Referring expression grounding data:
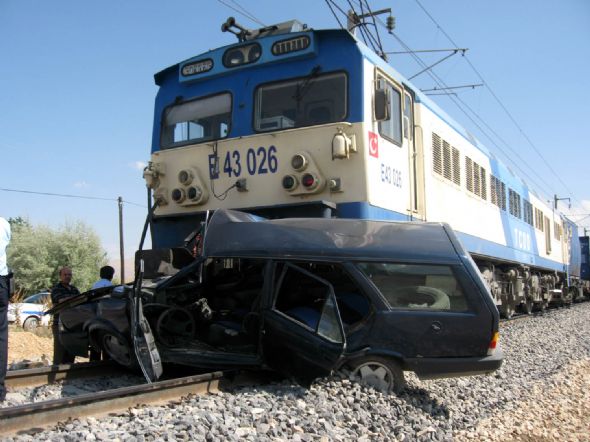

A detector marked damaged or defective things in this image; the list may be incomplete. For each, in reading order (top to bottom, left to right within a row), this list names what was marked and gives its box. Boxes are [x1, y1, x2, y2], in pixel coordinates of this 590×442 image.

shattered windshield [254, 71, 346, 131]
crumpled car body [48, 209, 506, 388]
crushed car [48, 209, 506, 392]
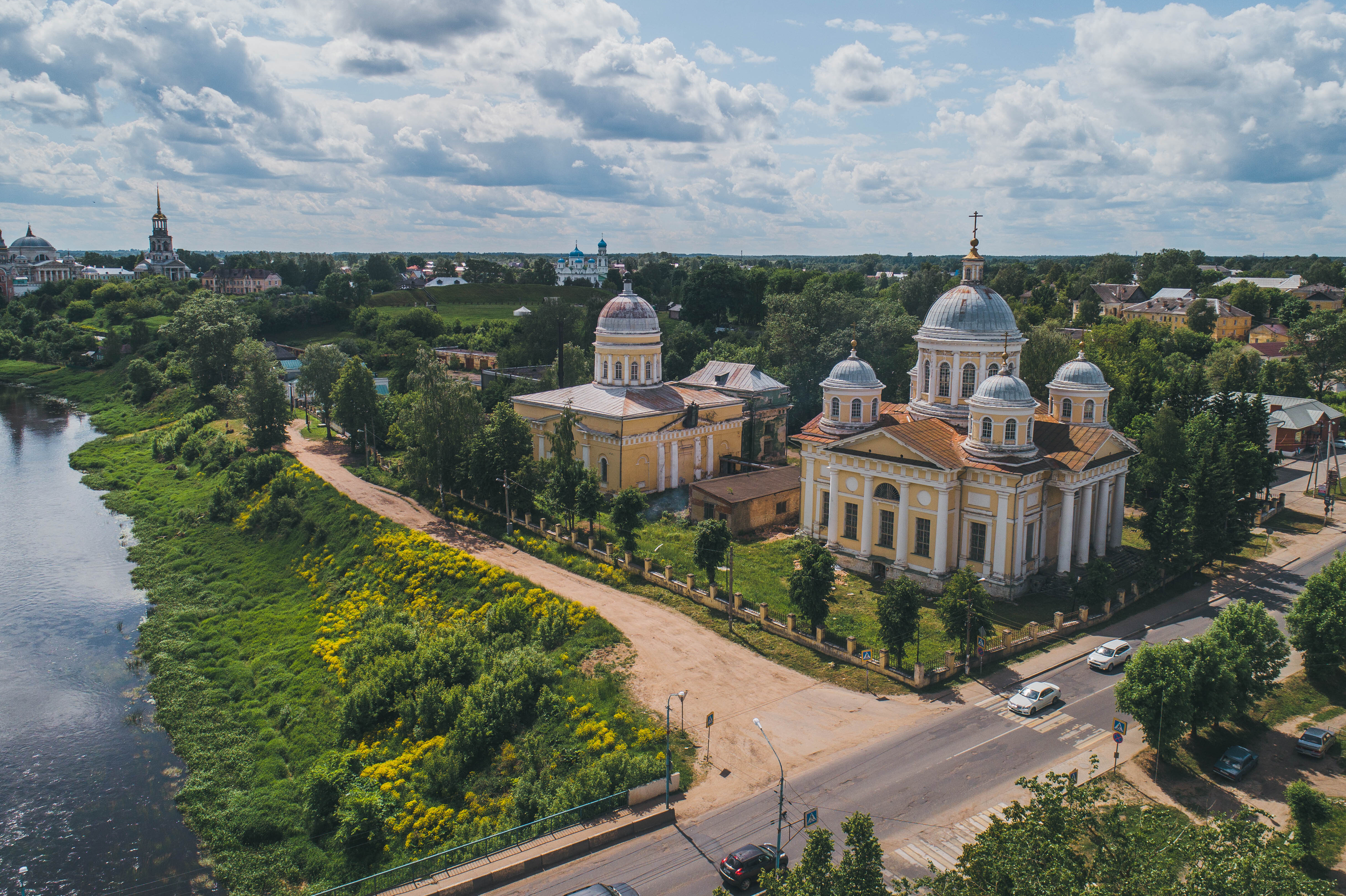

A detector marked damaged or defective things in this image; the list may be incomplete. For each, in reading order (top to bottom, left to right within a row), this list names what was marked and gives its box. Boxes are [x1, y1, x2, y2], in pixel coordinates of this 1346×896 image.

rusty metal roof [684, 360, 786, 390]
rusty metal roof [511, 379, 743, 417]
rusty metal roof [694, 460, 797, 503]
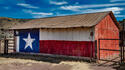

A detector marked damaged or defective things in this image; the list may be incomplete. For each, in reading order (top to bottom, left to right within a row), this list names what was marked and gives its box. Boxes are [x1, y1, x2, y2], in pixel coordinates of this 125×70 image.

rusty metal roofing [11, 11, 114, 29]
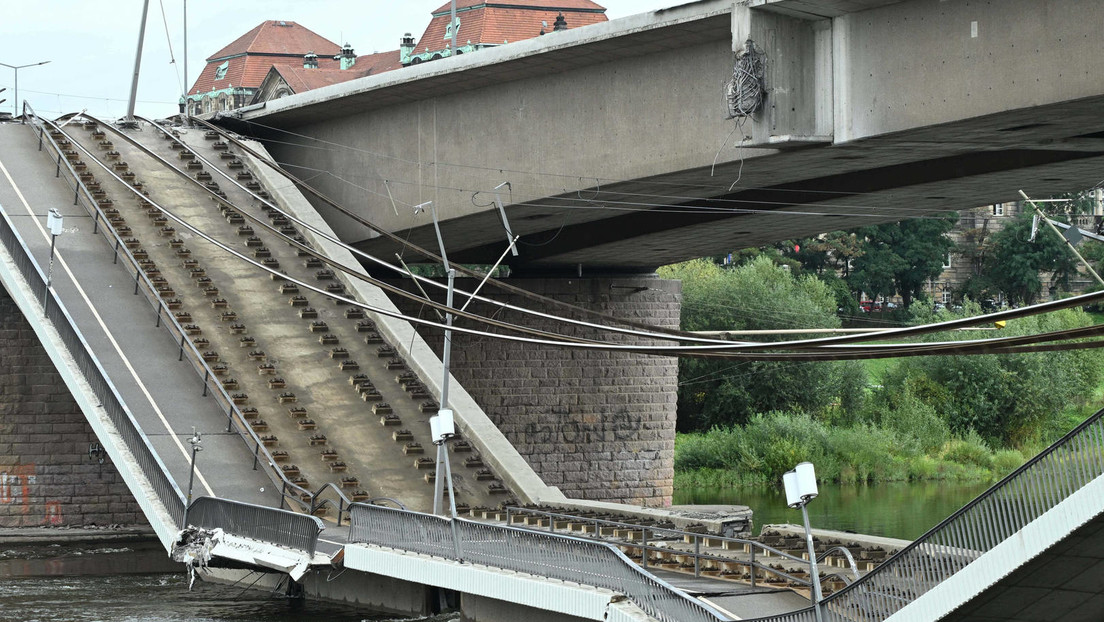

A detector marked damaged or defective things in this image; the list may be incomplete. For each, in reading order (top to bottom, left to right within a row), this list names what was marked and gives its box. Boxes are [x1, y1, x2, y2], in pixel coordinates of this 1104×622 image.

broken concrete edge [245, 139, 565, 505]
broken concrete edge [0, 234, 178, 550]
broken concrete edge [0, 525, 158, 545]
broken concrete edge [547, 499, 755, 536]
broken concrete edge [759, 523, 914, 552]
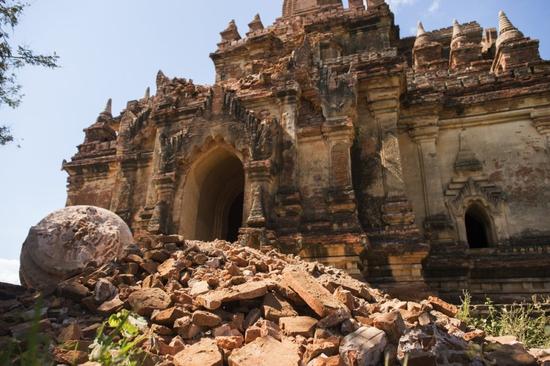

THE PROBLEM: Pictures are to be left out when the lines from the one containing "this 1346×896 image." through the end of the records above are repeated exactly; no other line is wanted.

RESULT FOR THIS EXERCISE:
A detector marked damaged or defective things in this image; the list may be incomplete. For each, in reading order (top to bottom, left to right within a row), this list names what was marked and gives its box. Boxes are [x1, y1, x2, y2], in pixel coordinates of this 1346×896 image.

rusty metal roof [684, 360, 786, 390]
rusty metal roof [511, 379, 743, 417]
rusty metal roof [694, 460, 797, 503]

A detector marked damaged or defective things in this image; the list may be incomplete. For each, in reading order (top to bottom, left to right within a row), this list names what was marked and gives its box. Boxes are [x1, y1, x2, y2], in pixel coordinates of this 125×70 image.

rusty metal roofing [11, 11, 114, 29]

A detector marked damaged or defective things in this image; the list may be incomplete. For each, in reading order (top to bottom, left to right within a row), this list names what was marked and gives its box. Boxes are [x1, y1, x2, y2], in pixel coordinates of this 1104×622 image.

broken concrete edge [245, 139, 565, 505]
broken concrete edge [0, 234, 178, 550]
broken concrete edge [0, 525, 158, 545]
broken concrete edge [547, 499, 755, 536]
broken concrete edge [759, 523, 914, 552]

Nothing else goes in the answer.